MySQL prepare statement using variable

Question

I am using below PHP + MySQL prepare statement to select values from database, passing the variable into the statement using function, however I could not get my wanted result. The problem is I don't know how to using the variable in the prepare statement.

Question: Could you take a look whether the syntax I am using is correct?

public function getToken($committeeValue){
    $stmt = $this->conn->prepare("SELECT u.token FROM users u INNER JOIN committee c ON u.email = c.email WHERE c.'$committeeValue' = 1");
    $stmt->execute();
}

Answer 1

Please try the below one.   

 public function getToken($committeeValue){
        $stmt = $this->conn->prepare("SELECT u.token FROM users u INNER JOIN committee c ON u.email = c.email WHERE c.".$committeeValue." = 1");
        $stmt->execute();
    }

I think you are made a mistake to appending a php variable within the string.Please try this.

Answer 2

You made the mistake of concatenating string in PHP.

So please try this below:

public function getToken($committeeValue){
    $committeeValue = trim($committeeValue);
    if(!empty($committeeValue)){
        $query = "SELECT u.token FROM users u INNER JOIN committee c ON u.email = c.email WHERE c.".$committeeValue." = 1";
        $stmt = $this->conn->prepare($query);
        $stmt->execute();
    }
}

Answer 3

Using var content directly is not safe because it allow to inject SQL statements.
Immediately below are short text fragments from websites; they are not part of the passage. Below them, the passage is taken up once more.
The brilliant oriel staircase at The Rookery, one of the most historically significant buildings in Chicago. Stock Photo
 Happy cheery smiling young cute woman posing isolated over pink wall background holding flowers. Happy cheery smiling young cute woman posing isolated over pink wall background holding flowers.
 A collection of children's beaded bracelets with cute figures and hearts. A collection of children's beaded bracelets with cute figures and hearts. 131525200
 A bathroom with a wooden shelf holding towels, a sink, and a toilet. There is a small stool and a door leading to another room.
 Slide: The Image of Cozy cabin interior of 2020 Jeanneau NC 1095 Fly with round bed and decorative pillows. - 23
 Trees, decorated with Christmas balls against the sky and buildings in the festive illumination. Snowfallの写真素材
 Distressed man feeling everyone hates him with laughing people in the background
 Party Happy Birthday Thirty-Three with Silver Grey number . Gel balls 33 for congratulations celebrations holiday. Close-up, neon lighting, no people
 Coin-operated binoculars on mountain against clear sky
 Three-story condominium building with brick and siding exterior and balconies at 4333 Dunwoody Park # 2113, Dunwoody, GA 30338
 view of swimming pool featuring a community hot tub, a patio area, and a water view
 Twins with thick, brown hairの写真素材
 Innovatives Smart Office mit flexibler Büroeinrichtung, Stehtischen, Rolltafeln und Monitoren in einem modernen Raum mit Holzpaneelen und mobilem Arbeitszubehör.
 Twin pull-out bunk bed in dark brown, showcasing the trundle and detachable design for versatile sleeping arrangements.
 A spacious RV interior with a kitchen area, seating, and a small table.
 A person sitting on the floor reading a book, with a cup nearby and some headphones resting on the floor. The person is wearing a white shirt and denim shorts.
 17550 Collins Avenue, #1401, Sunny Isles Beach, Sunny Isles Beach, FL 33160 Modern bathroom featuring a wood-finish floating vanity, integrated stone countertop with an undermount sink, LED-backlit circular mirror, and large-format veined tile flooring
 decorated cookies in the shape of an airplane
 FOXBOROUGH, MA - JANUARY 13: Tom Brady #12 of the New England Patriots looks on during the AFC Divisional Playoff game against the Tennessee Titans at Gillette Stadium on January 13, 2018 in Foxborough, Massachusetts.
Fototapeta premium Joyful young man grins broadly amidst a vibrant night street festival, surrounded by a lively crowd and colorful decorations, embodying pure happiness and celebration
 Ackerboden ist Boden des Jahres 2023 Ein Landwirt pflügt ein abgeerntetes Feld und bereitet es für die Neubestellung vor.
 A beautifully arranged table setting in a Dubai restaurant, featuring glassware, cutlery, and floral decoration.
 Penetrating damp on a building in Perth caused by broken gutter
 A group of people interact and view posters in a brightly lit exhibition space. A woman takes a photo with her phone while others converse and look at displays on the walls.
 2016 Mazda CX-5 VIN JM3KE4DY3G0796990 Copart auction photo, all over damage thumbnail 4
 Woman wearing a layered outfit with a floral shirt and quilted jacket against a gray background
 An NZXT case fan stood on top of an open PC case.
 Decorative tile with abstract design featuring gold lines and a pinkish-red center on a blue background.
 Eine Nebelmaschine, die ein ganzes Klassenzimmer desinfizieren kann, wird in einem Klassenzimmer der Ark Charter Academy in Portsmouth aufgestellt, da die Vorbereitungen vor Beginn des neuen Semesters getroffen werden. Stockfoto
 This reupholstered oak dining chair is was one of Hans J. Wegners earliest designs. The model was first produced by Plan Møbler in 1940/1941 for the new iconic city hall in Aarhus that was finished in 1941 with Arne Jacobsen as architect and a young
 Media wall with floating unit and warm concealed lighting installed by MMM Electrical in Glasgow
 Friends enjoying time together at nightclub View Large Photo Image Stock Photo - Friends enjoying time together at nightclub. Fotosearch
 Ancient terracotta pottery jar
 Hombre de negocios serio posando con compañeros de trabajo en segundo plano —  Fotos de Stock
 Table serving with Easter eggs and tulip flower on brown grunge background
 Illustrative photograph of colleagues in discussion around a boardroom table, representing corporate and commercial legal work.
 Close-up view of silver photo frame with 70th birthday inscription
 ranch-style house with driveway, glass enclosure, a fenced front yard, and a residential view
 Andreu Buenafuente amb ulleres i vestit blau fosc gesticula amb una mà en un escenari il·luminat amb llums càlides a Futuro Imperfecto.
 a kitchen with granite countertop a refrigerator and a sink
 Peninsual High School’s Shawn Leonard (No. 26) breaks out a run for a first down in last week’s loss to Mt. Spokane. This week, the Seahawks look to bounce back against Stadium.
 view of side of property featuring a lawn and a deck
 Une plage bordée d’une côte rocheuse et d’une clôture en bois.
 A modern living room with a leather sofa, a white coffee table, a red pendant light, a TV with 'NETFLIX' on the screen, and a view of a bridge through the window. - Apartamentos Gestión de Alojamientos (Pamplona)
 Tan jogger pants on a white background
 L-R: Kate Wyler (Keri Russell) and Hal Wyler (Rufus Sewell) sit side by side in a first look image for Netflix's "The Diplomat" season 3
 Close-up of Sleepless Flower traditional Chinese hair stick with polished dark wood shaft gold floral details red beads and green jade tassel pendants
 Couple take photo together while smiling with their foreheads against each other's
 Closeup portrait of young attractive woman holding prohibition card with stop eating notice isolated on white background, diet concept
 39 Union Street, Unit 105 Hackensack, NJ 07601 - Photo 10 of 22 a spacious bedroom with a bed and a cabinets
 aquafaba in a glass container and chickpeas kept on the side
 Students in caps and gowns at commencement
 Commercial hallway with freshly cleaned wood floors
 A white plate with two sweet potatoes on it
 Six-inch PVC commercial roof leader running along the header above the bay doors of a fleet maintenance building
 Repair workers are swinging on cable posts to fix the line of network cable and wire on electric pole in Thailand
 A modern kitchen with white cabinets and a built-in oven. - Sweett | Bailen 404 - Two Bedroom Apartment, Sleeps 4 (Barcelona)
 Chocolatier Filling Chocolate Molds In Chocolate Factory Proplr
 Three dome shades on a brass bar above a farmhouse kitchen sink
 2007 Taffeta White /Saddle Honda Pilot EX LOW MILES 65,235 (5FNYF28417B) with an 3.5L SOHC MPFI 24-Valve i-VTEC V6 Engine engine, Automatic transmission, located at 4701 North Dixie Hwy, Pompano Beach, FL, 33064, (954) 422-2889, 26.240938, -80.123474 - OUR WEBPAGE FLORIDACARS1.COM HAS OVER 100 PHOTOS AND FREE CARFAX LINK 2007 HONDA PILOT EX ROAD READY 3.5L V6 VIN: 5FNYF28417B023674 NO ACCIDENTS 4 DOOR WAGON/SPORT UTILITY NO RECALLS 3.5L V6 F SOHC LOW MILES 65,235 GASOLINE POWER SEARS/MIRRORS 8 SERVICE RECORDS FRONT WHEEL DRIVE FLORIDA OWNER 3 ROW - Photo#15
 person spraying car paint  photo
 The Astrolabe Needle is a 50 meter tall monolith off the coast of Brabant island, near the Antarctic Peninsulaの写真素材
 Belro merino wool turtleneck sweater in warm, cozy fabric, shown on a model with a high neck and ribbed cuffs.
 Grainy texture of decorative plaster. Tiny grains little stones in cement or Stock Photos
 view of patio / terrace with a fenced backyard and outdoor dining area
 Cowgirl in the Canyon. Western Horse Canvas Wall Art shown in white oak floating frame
The safe way is, in your case:

public function getToken($committeeValue){
  $committeeValue = trim($committeeValue);
  if(!empty($committeeValue)){
    $query = "SELECT u.token FROM users u INNER JOIN committee c ON u.email = c.email WHERE c.? = 1";
    $stmt = $this->conn->prepare($query);
    $stmt->bindParam(1, $committeeValue);
    $stmt->execute();
  }
}

The query will be compiled without the var content so you dont have to worry about SQL injection.